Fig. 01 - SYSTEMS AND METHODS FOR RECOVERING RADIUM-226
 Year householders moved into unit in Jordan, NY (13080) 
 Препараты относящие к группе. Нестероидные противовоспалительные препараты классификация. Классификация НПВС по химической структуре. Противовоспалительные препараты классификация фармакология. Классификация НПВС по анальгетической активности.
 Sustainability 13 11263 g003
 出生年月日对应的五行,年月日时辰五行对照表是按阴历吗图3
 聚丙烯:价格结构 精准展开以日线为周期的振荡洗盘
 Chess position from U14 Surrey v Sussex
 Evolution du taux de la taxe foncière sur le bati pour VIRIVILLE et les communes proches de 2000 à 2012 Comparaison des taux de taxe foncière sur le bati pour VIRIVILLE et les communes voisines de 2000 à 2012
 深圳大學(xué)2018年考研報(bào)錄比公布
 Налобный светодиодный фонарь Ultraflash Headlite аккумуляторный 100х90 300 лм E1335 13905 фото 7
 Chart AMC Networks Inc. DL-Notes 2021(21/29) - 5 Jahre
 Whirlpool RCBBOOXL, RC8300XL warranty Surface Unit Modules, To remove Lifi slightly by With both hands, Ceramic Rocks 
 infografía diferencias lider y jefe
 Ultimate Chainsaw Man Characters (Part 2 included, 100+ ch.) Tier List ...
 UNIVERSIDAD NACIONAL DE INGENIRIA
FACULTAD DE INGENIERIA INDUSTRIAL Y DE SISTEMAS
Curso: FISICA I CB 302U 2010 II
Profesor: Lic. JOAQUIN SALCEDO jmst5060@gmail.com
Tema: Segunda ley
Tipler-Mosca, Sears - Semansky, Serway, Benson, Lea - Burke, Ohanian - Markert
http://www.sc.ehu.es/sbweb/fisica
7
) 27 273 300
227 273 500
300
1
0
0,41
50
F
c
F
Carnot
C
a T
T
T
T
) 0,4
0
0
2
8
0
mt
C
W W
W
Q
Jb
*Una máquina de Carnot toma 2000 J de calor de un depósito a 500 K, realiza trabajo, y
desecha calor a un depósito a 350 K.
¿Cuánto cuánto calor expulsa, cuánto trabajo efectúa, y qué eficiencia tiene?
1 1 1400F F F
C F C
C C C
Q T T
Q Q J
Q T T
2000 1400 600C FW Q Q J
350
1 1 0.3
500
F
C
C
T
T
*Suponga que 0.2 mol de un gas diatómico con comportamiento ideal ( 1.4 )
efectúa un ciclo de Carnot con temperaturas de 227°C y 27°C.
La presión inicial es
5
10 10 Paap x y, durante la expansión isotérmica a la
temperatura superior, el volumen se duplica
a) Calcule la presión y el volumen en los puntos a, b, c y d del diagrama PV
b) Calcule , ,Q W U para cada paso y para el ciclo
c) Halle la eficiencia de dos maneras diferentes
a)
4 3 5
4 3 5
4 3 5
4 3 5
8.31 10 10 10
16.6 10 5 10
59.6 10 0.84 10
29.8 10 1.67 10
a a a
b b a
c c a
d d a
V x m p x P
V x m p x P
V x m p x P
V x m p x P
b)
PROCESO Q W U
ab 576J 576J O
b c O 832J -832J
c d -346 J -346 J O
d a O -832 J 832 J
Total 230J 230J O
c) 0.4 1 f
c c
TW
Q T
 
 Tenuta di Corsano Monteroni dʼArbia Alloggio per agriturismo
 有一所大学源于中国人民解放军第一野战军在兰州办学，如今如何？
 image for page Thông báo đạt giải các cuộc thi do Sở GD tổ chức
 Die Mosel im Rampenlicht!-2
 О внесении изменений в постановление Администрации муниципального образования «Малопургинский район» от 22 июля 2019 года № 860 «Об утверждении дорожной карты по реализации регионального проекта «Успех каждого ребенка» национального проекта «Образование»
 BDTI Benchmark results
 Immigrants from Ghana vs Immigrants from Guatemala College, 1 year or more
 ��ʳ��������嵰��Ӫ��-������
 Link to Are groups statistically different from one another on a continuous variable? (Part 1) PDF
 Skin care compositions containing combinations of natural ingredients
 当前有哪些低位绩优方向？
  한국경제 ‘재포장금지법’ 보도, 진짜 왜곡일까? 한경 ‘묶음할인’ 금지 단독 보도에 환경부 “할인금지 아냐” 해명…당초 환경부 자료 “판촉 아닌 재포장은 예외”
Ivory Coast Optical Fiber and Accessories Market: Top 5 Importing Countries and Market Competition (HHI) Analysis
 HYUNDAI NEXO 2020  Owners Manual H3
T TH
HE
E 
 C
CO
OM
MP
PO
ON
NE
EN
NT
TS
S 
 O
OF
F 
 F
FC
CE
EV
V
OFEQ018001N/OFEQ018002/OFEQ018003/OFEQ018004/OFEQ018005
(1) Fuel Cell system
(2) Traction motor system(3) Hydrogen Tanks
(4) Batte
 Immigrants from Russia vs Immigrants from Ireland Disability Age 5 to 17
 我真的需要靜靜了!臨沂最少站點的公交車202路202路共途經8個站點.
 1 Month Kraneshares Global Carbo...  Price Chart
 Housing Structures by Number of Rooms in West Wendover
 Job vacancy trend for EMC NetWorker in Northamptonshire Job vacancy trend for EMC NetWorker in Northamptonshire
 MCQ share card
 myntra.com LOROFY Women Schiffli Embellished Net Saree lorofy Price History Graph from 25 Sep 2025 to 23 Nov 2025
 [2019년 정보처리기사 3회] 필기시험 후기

====

> Work item
Write out the material again, exactly as shown above.

> Exercise result
Fig. 01 - SYSTEMS AND METHODS FOR RECOVERING RADIUM-226
 Year householders moved into unit in Jordan, NY (13080) 
 Препараты относящие к группе. Нестероидные противовоспалительные препараты классификация. Классификация НПВС по химической структуре. Противовоспалительные препараты классификация фармакология. Классификация НПВС по анальгетической активности.
 Sustainability 13 11263 g003
 出生年月日对应的五行,年月日时辰五行对照表是按阴历吗图3
 聚丙烯:价格结构 精准展开以日线为周期的振荡洗盘
 Chess position from U14 Surrey v Sussex
 Evolution du taux de la taxe foncière sur le bati pour VIRIVILLE et les communes proches de 2000 à 2012 Comparaison des taux de taxe foncière sur le bati pour VIRIVILLE et les communes voisines de 2000 à 2012
 深圳大學(xué)2018年考研報(bào)錄比公布
 Налобный светодиодный фонарь Ultraflash Headlite аккумуляторный 100х90 300 лм E1335 13905 фото 7
 Chart AMC Networks Inc. DL-Notes 2021(21/29) - 5 Jahre
 Whirlpool RCBBOOXL, RC8300XL warranty Surface Unit Modules, To remove Lifi slightly by With both hands, Ceramic Rocks 
 infografía diferencias lider y jefe
 Ultimate Chainsaw Man Characters (Part 2 included, 100+ ch.) Tier List ...
 UNIVERSIDAD NACIONAL DE INGENIRIA
FACULTAD DE INGENIERIA INDUSTRIAL Y DE SISTEMAS
Curso: FISICA I CB 302U 2010 II
Profesor: Lic. JOAQUIN SALCEDO jmst5060@gmail.com
Tema: Segunda ley
Tipler-Mosca, Sears - Semansky, Serway, Benson, Lea - Burke, Ohanian - Markert
http://www.sc.ehu.es/sbweb/fisica
7
) 27 273 300
227 273 500
300
1
0
0,41
50
F
c
F
Carnot
C
a T
T
T
T
) 0,4
0
0
2
8
0
mt
C
W W
W
Q
Jb
*Una máquina de Carnot toma 2000 J de calor de un depósito a 500 K, realiza trabajo, y
desecha calor a un depósito a 350 K.
¿Cuánto cuánto calor expulsa, cuánto trabajo efectúa, y qué eficiencia tiene?
1 1 1400F F F
C F C
C C C
Q T T
Q Q J
Q T T
2000 1400 600C FW Q Q J
350
1 1 0.3
500
F
C
C
T
T
*Suponga que 0.2 mol de un gas diatómico con comportamiento ideal ( 1.4 )
efectúa un ciclo de Carnot con temperaturas de 227°C y 27°C.
La presión inicial es
5
10 10 Paap x y, durante la expansión isotérmica a la
temperatura superior, el volumen se duplica
a) Calcule la presión y el volumen en los puntos a, b, c y d del diagrama PV
b) Calcule , ,Q W U para cada paso y para el ciclo
c) Halle la eficiencia de dos maneras diferentes
a)
4 3 5
4 3 5
4 3 5
4 3 5
8.31 10 10 10
16.6 10 5 10
59.6 10 0.84 10
29.8 10 1.67 10
a a a
b b a
c c a
d d a
V x m p x P
V x m p x P
V x m p x P
V x m p x P
b)
PROCESO Q W U
ab 576J 576J O
b c O 832J -832J
c d -346 J -346 J O
d a O -832 J 832 J
Total 230J 230J O
c) 0.4 1 f
c c
TW
Q T
 
 Tenuta di Corsano Monteroni dʼArbia Alloggio per agriturismo
 有一所大学源于中国人民解放军第一野战军在兰州办学，如今如何？
 image for page Thông báo đạt giải các cuộc thi do Sở GD tổ chức
 Die Mosel im Rampenlicht!-2
 О внесении изменений в постановление Администрации муниципального образования «Малопургинский район» от 22 июля 2019 года № 860 «Об утверждении дорожной карты по реализации регионального проекта «Успех каждого ребенка» национального проекта «Образование»
 BDTI Benchmark results
 Immigrants from Ghana vs Immigrants from Guatemala College, 1 year or more
 ��ʳ��������嵰��Ӫ��-������
 Link to Are groups statistically different from one another on a continuous variable? (Part 1) PDF
 Skin care compositions containing combinations of natural ingredients
 当前有哪些低位绩优方向？
  한국경제 ‘재포장금지법’ 보도, 진짜 왜곡일까? 한경 ‘묶음할인’ 금지 단독 보도에 환경부 “할인금지 아냐” 해명…당초 환경부 자료 “판촉 아닌 재포장은 예외”
Ivory Coast Optical Fiber and Accessories Market: Top 5 Importing Countries and Market Competition (HHI) Analysis
 HYUNDAI NEXO 2020  Owners Manual H3
T TH
HE
E 
 C
CO
OM
MP
PO
ON
NE
EN
NT
TS
S 
 O
OF
F 
 F
FC
CE
EV
V
OFEQ018001N/OFEQ018002/OFEQ018003/OFEQ018004/OFEQ018005
(1) Fuel Cell system
(2) Traction motor system(3) Hydrogen Tanks
(4) Batte
 Immigrants from Russia vs Immigrants from Ireland Disability Age 5 to 17
 我真的需要靜靜了!臨沂最少站點的公交車202路202路共途經8個站點.
 1 Month Kraneshares Global Carbo...  Price Chart
 Housing Structures by Number of Rooms in West Wendover
 Job vacancy trend for EMC NetWorker in Northamptonshire Job vacancy trend for EMC NetWorker in Northamptonshire
 MCQ share card
 myntra.com LOROFY Women Schiffli Embellished Net Saree lorofy Price History Graph from 25 Sep 2025 to 23 Nov 2025
 [2019년 정보처리기사 3회] 필기시험 후기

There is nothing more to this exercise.